PROBLEM DETAILS:
An exact copy of the data is required, with no pictures in it.

THE DATA:
****
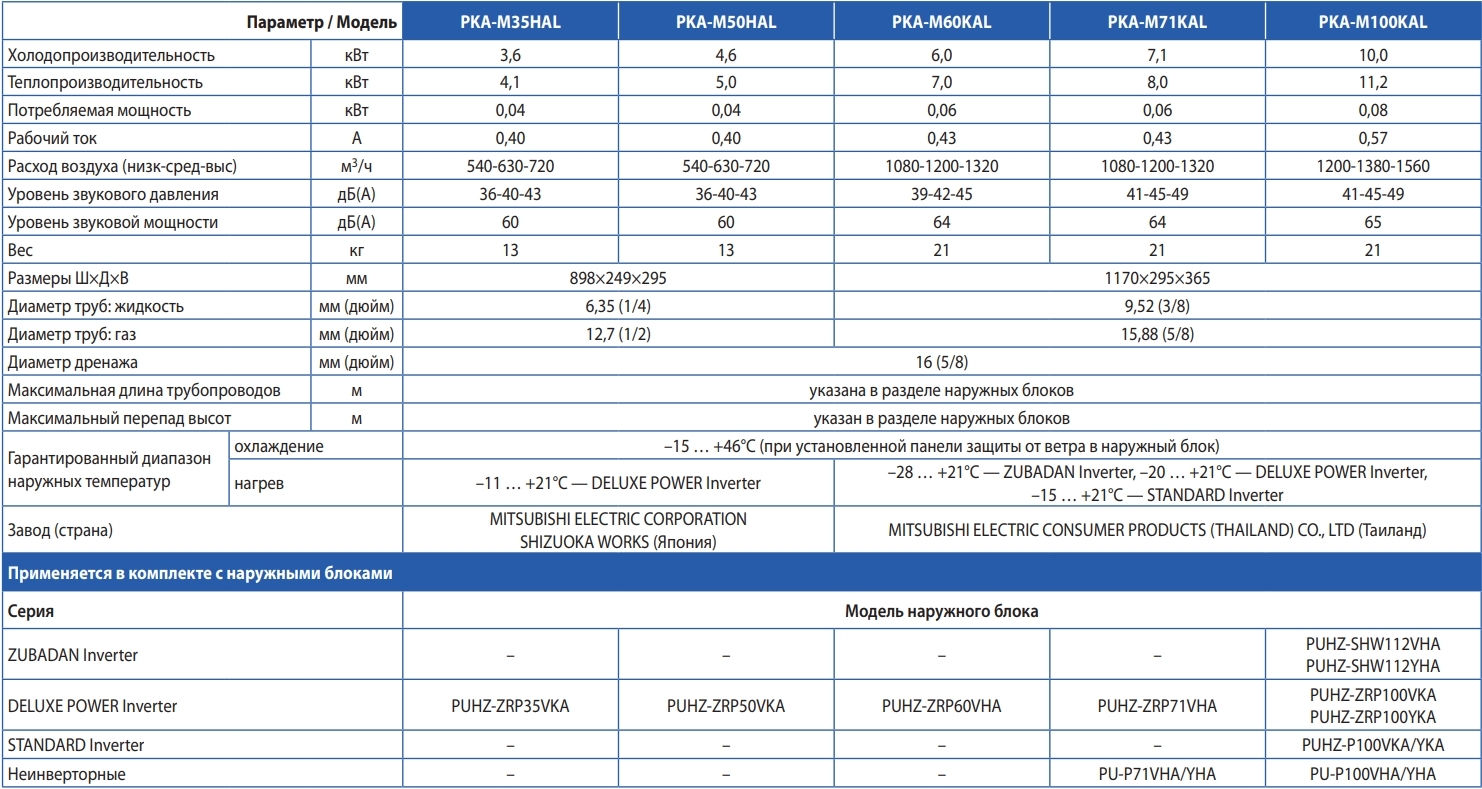 Mitsubishi Electric PKA-M35LAL/PUHZ-ZRP35VKA Характеристики
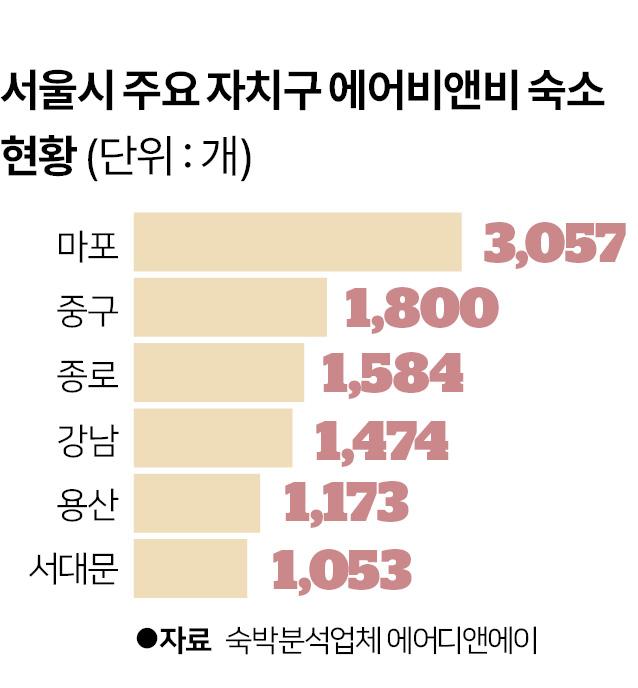 주택가를 관광객 놀이터로 만든 에어비앤비… “밤샘 파티에 뜬눈으로”
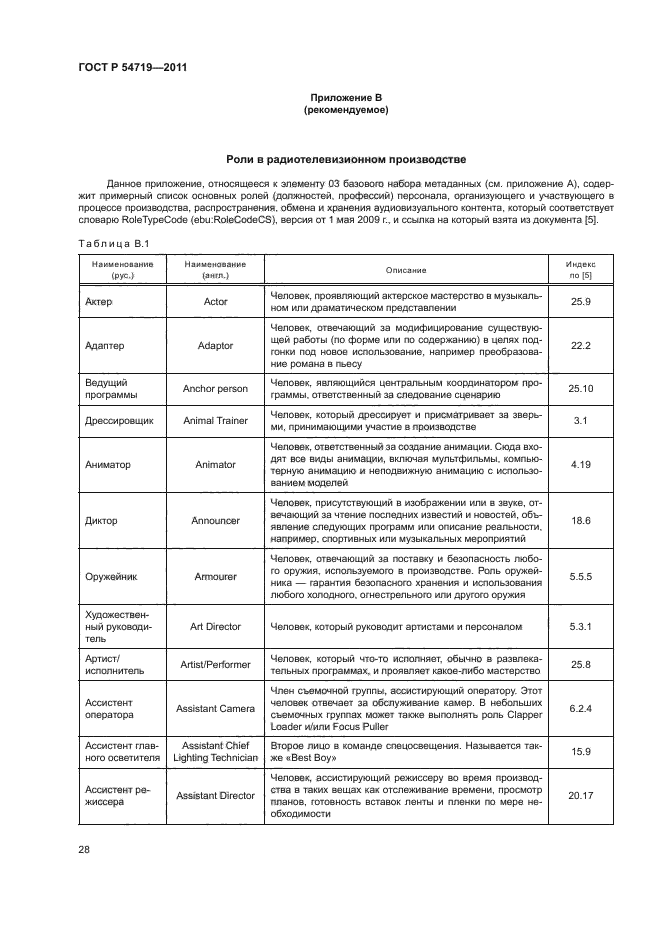 ГОСТ Р 54719-2011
****
RESPONSE BOX:
 Mitsubishi Electric PKA-M35LAL/PUHZ-ZRP35VKA Характеристики
 주택가를 관광객 놀이터로 만든 에어비앤비… “밤샘 파티에 뜬눈으로”
 ГОСТ Р 54719-2011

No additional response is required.